• _Problem_: From the first line to the last, retype everything below exactly, minus the pictures.

• _Exercise data_:
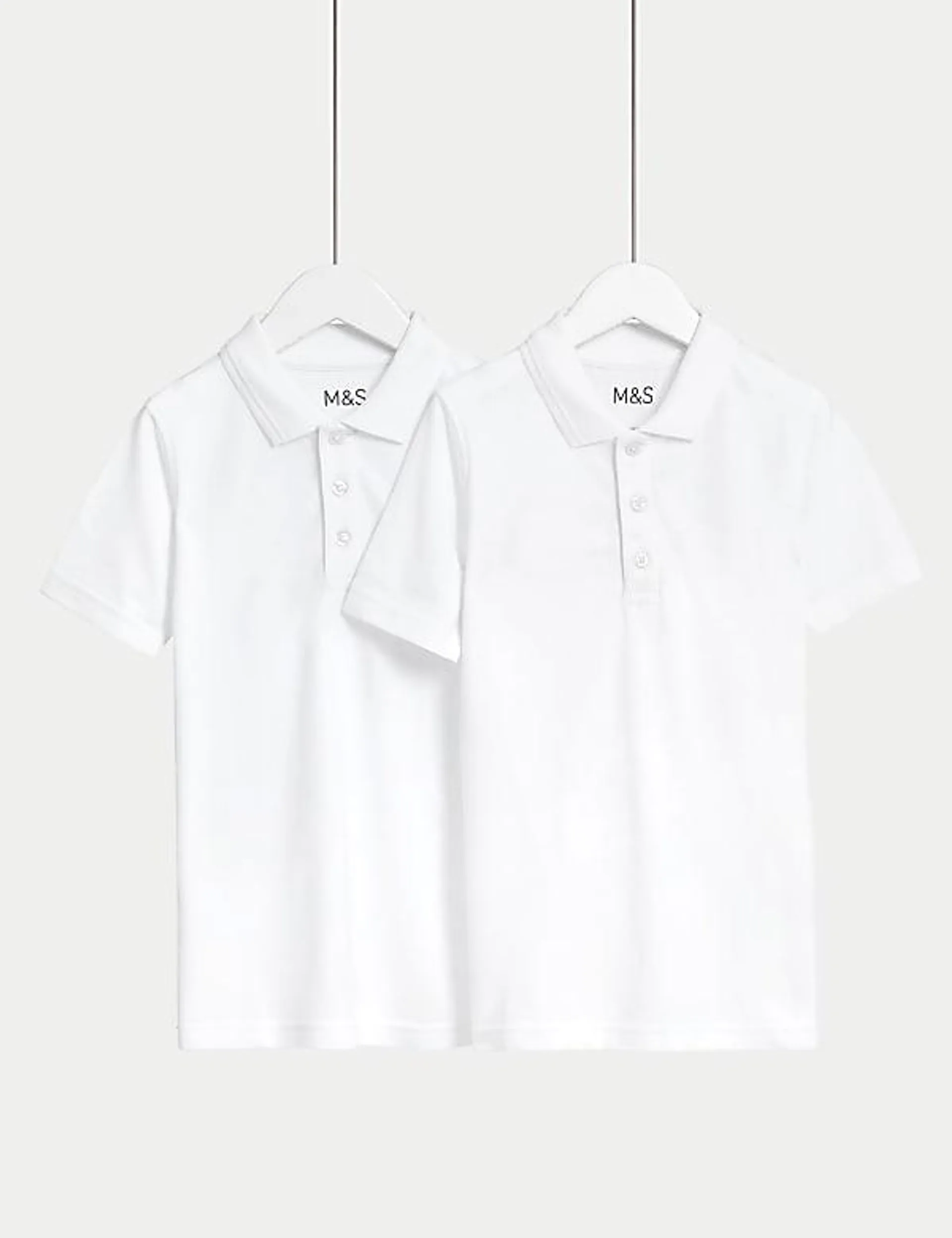 2er-Pack fleckenabweisende, schmal geschnittene Unisex-Poloshirts für die Schule (2–18 J.)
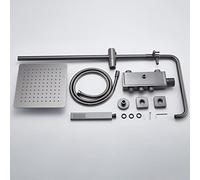 Shower Set Wall Mounted Gray Brass Hot and Cold Diverter Mixer Bathroom Shower Taps Set with 8 Inch Rainfall Shower Head and Handshower, Luxury Shower System,A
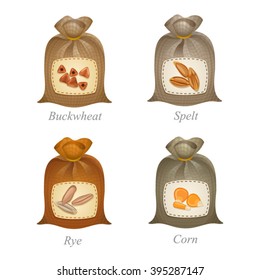 Four tied sacks with cereal labels on them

• _Expected answer_:
 2er-Pack fleckenabweisende, schmal geschnittene Unisex-Poloshirts für die Schule (2–18 J.)
 Shower Set Wall Mounted Gray Brass Hot and Cold Diverter Mixer Bathroom Shower Taps Set with 8 Inch Rainfall Shower Head and Handshower, Luxury Shower System,A
 Four tied sacks with cereal labels on them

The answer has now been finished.